Kanzlerreise: Deutsche Signale an Japan
DW
Bei seiner ersten Asien-Visite will Bundeskanzler Olaf Scholz die Beziehungen zum Interessen- und Wertepartner Japan auf eine neue Stufe heben.
Als erstes Land in Asien besucht Bundeskanzler Olaf Scholz am Donnerstag und Freitag Japan. Es handelt sich erst um seine dritte Amtsreise ins außereuropäische Ausland nach den USA und Israel. Auf diese Weise will Scholz die gewachsene Bedeutung Japans für Deutschland hervorheben. Die Botschaft laute, dass Deutschland Asien nicht aus den Augen verliere, hieß es aus diplomatischen Kreisen. Der Abstecher von Scholz in den Fernen Osten hat noch einen formalen Grund: Vor dem G7-Gipfeltreffen, das diesmal Ende Juni im bayerischen Schloss Elmau stattfindet, besucht der Gastgeber traditionell die anderen Teilnehmer.

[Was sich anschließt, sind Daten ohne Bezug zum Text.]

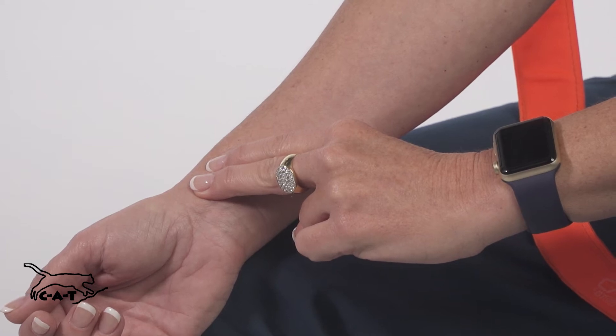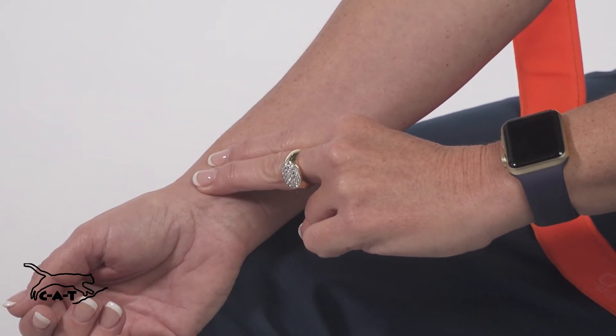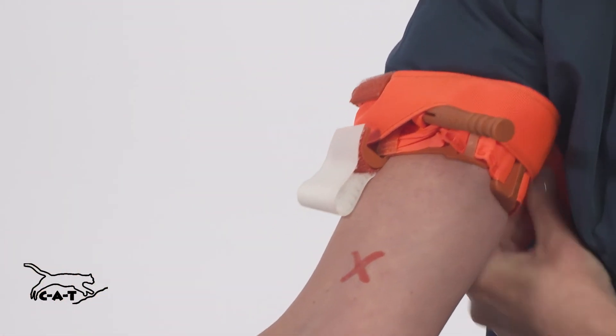If you're not able to stop the bleeding, consider applying a second CAT immediately above the first. Route the band between the clips and over the rod.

Allerdings dauert der Arbeitsbesuch des Kanzlers in Tokio nur etwa 20 Stunden. Scholz trifft Premierminister Fumio Kishida und isst mit ihm zu Abend. Zu den Top-Themen gehören die Sanktionen gegen Russland, die Abhängigkeit von russischem Gas, die Sicherheit der Lieferketten bei Halbleitern und Rohstoffen und die Geopolitik. Außerdem spricht der Kanzler, der von einer Managerdelegation begleitet wird, auf einer Wirtschaftskonferenz der Deutschen Industrie- und Handelskammer. Vor dem Rückflug lässt sich Scholz noch ein Demonstrationsprojekt für eine Wasserstoff-Lieferkette in Kawasaki zeigen. Bei der Nutzung von Wasserstoff als Brennstoff gilt Japan als weltweiter Vorreiter.
Der engere Schulterschuss von Deutschland und Japan hängt mit der verschärften Rivalität zwischen Demokratien und Autokratien zusammen. Beide Länder suchen im Handelskonflikt zwischen China und den USA nach Wegen, ihre eigenen wirtschaftlichen Interessen im Reich der Mitte zu verfolgen, ohne sich dabei von ihrem Sicherheitspartner USA zu entfernen. Die langjährige Kanzlerin Angela Merkel hatte bei ihren Asienreisen in der Regel China den Vorzug gegeben. Eine einzelne Japan-Reise wie jetzt bei Scholz gab es mit ihr nicht. Doch Chinas Abschottung gegen die Corona-Pandemie und Pekings Partnerschaft mit Russland trotz dessen Krieg gegen die Ukraine haben die Annäherung zwischen Deutschland und Japan forciert.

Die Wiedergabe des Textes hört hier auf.